Der Finanzier J. P. Morgan wollte vor vielen Jahren ein Grundstück von der Rockefeller-Familie kaufen, die aber gar nicht sonderlich an einem Verkauf interessiert war. Schließlich schickte der alte Rockefeller auf Drängen Morgans seinen Sohn. Als dieser in Morgans Büro trat, blickte er kaum auf, sondern arbeitete weiter an seinen Akten.

»Und? Wie viel wollen Sie?« Rockefeller war zwar jung, aber er ließ sich nicht einschüchtern: »Mr. Morgan, hier muss ein Irrtum vorliegen. Ich bin nicht hergekommen, um zu verkaufen. Soweit ich weiß, wollen Sie kaufen.«

Das ist die richtige Reaktion, die das Machtgefüge wieder ins rechte Licht rückt. Versierte Verhandler werden immer wieder versuchen, dass Sie sich ohnmächtig fühlen. Wenn Sie dieses Manöver aber durchschauen und korrigieren, werden Sie Ihr Gegenüber verblüffen und Ihre eigene Macht erhöhen.

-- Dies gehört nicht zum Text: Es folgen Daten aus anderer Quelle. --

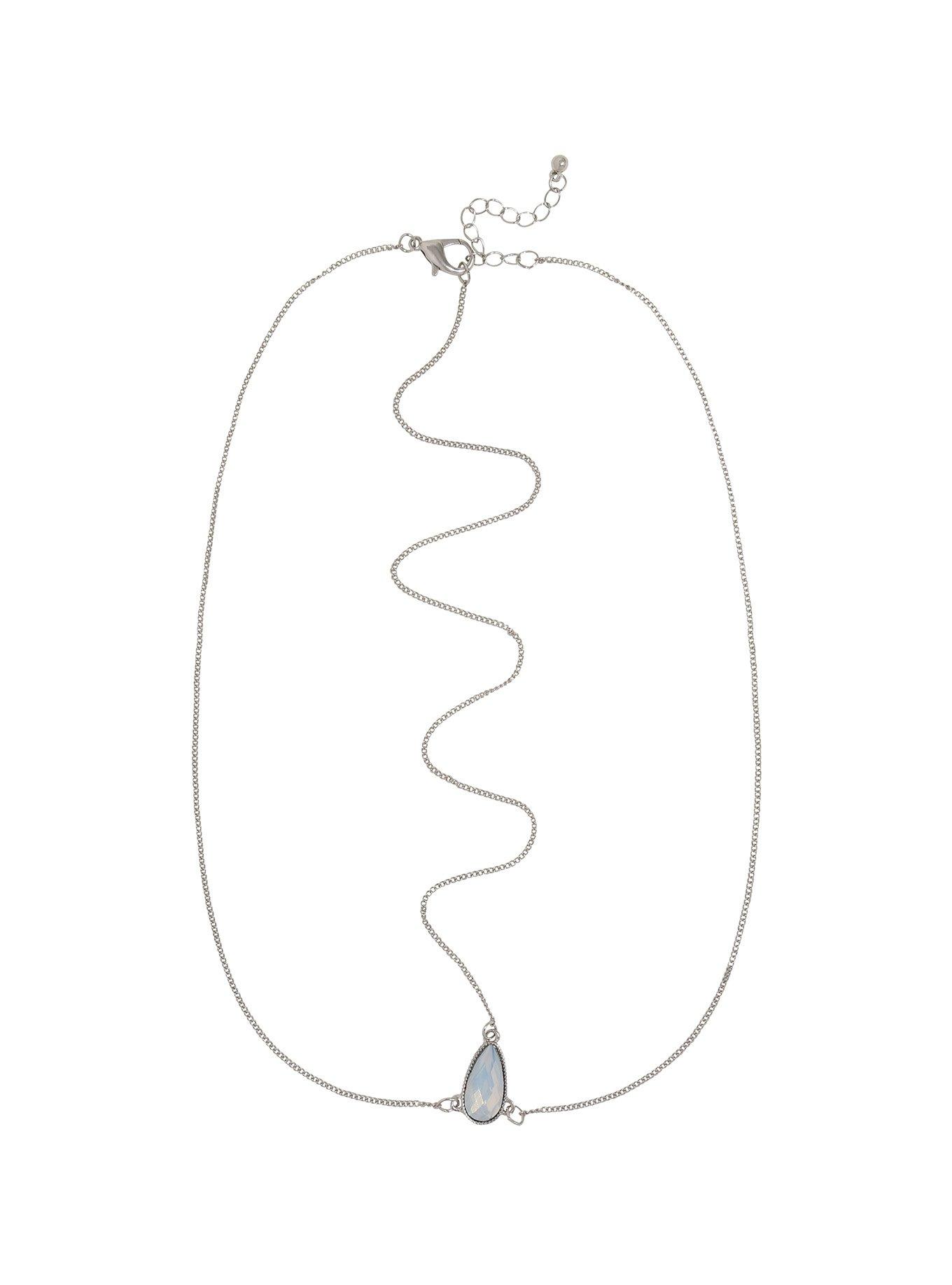 White Teardrop Stone Head Chain, , alternate
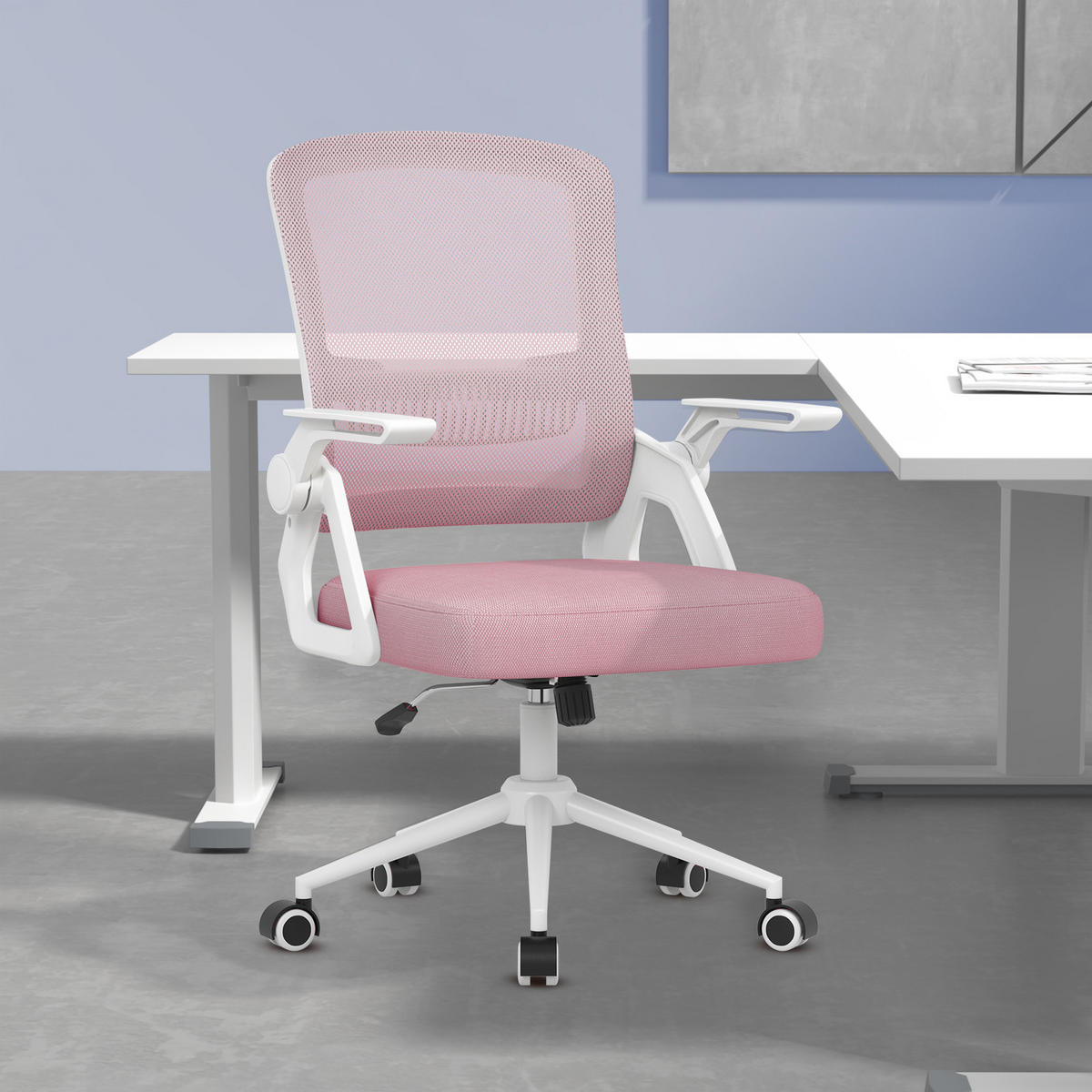 BÜROSTUHL Weiß-Rahmen Pink ergonomisch mit atmungsaktiver Rückenlehne - Pink, Metall (22.5/53/54.2cm) - Rattrix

Der goldene Moment – der Gipfel Ihrer Macht

Macht zu verstehen, bedeutet auch, zu wissen, wann Ihre Macht am größten ist. Wehe, Sie haben sich zu Hause ausgesperrt und müssen den Schlüsseldienst rufen. Ein Handgriff von etwa 20 Sekunden kann Sie leicht über 100 Euro kosten. Der seriöse Herr mit Dietrich weiß aber, dass er das Geld vorher eintreiben muss: Wenn Sie sich am kältesten Tag des Jahres, ohne eine Jacke anzuhaben, ausgesperrt haben, bibbernd und mit eingefrorenen Tränen der Freude den Messias vor sich sehen, der Ihnen das Tor in die Welt des flauschigen Sofas mit acht Kissen vor dem knisternden, nach Zimt und Gemütlichkeit duftenden Kamin öffnet, akzeptieren Sie jedes Angebot. Kaum sind Sie drin, sehen Sie nur noch den unverschämten Ex-Knacki, der er ist. Man spricht vom Nutten-Prinzip (Hooker Principle), weil der Freier stets vor der Dienstleistung um das »Honorar« gebeten wird. Vorher ist die Macht der Dienstleisterin groß, danach denkt sich fast jeder, dass man es selbst genauso gut hinbekommen hätte – jedenfalls mit identischem Ergebnis.17

Der Faktor Zeit hat eine entscheidende Bedeutung für die Macht des Anbieters. Wenn Sie in ein Hotel einchecken und der Nachtportier Ihnen die Reservierungsbestätigung vorlegt, auf der ein höherer Preis verzeichnet ist, als vereinbart war, gehen Sie am besten ins Bett und verhandeln am nächsten Tag. Dann nämlich hat sich das Machtgefüge zu Ihren Gunsten verschoben.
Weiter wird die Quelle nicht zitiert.